Exercise inputs START

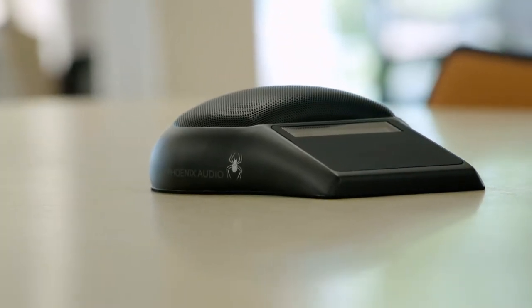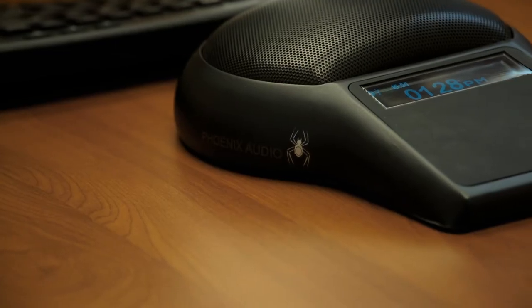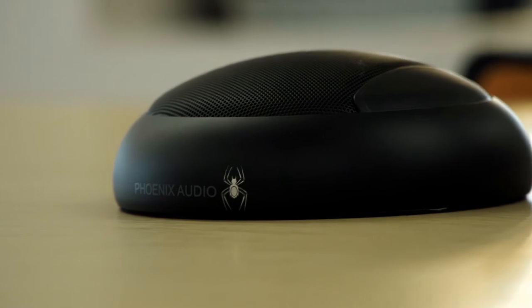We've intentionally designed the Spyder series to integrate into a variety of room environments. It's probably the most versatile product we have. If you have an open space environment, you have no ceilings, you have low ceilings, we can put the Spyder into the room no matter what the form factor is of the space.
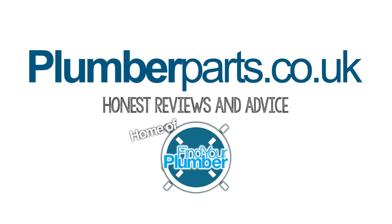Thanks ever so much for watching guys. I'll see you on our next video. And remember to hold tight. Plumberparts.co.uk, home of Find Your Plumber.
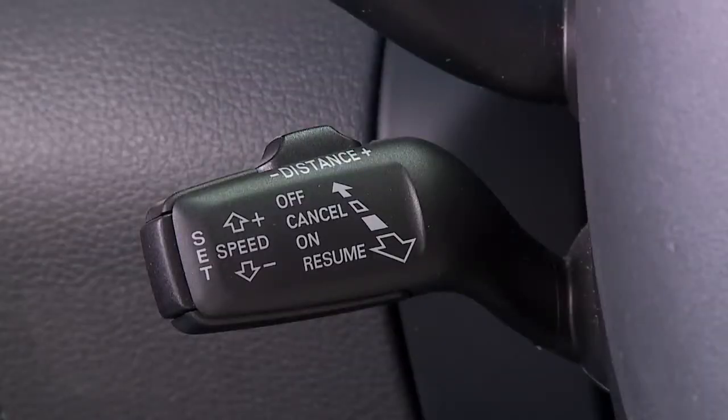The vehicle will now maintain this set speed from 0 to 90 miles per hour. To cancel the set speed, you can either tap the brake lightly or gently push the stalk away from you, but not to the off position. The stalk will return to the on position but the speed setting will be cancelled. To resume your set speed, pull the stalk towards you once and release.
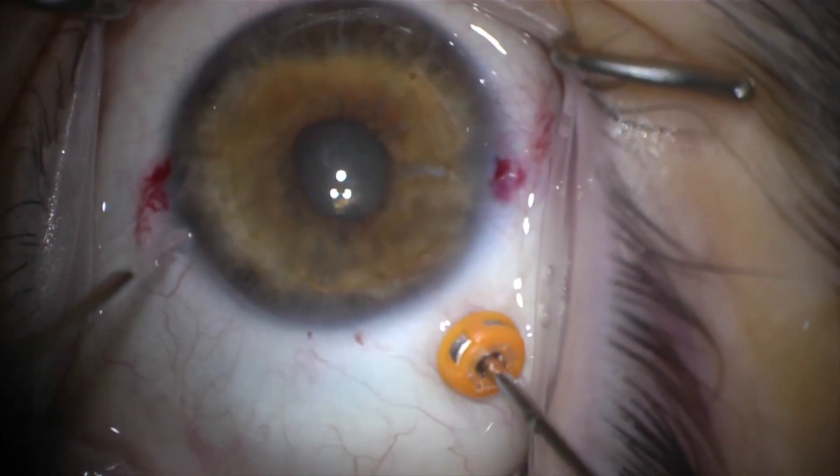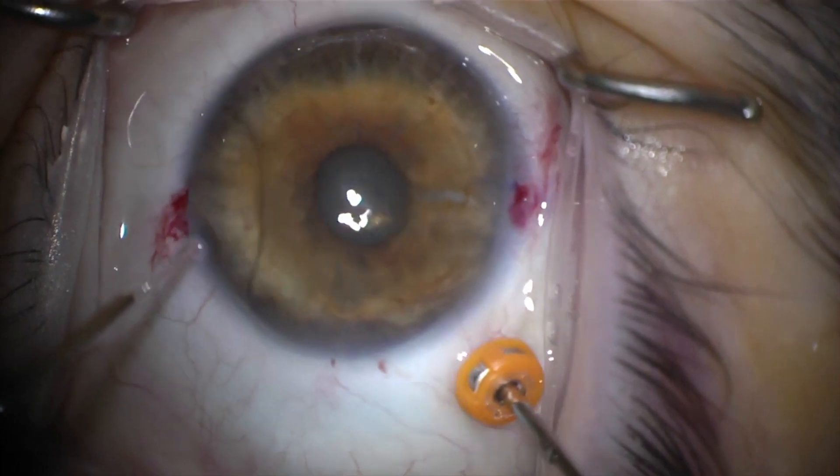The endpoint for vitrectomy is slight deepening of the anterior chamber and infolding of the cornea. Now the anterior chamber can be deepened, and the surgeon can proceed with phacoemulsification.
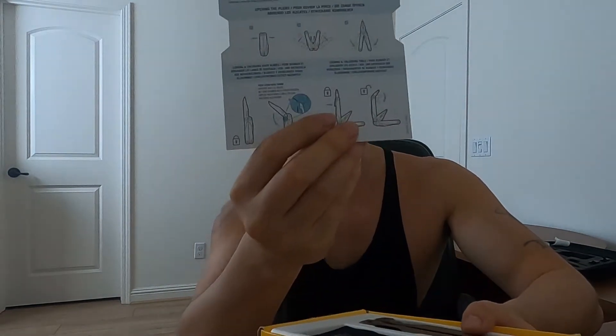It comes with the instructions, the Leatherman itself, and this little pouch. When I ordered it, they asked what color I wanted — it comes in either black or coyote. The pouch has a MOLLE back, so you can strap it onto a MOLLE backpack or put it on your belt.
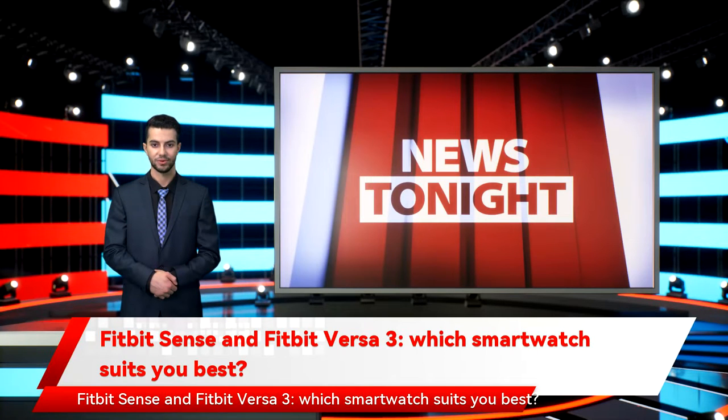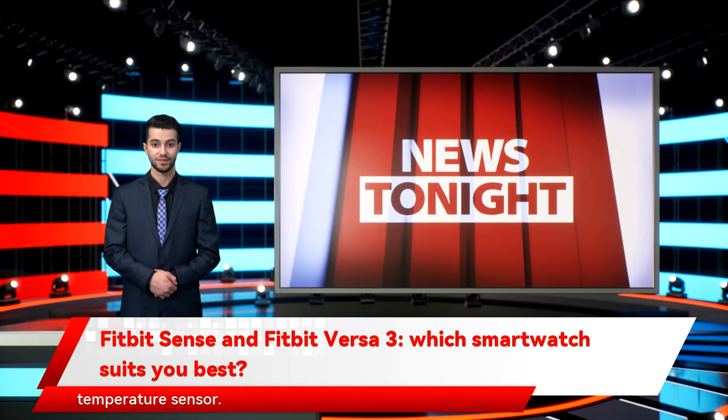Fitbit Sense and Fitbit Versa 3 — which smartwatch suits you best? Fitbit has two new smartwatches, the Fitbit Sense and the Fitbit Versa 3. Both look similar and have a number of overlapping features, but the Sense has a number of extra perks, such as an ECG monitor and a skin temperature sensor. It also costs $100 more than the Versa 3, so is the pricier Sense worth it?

Exercise inputs END
Exercise inputs START

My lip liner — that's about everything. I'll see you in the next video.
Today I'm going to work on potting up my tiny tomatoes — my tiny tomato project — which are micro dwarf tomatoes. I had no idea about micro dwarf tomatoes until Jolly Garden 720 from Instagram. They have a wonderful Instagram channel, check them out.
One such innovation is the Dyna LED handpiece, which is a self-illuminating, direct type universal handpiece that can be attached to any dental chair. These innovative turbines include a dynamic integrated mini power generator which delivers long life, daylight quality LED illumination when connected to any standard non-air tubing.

Exercise inputs END

■ Your instructions: Look for the word "that" in every line of the records. State how many lines contain it, and write only the number.

■ Reply to the task: 2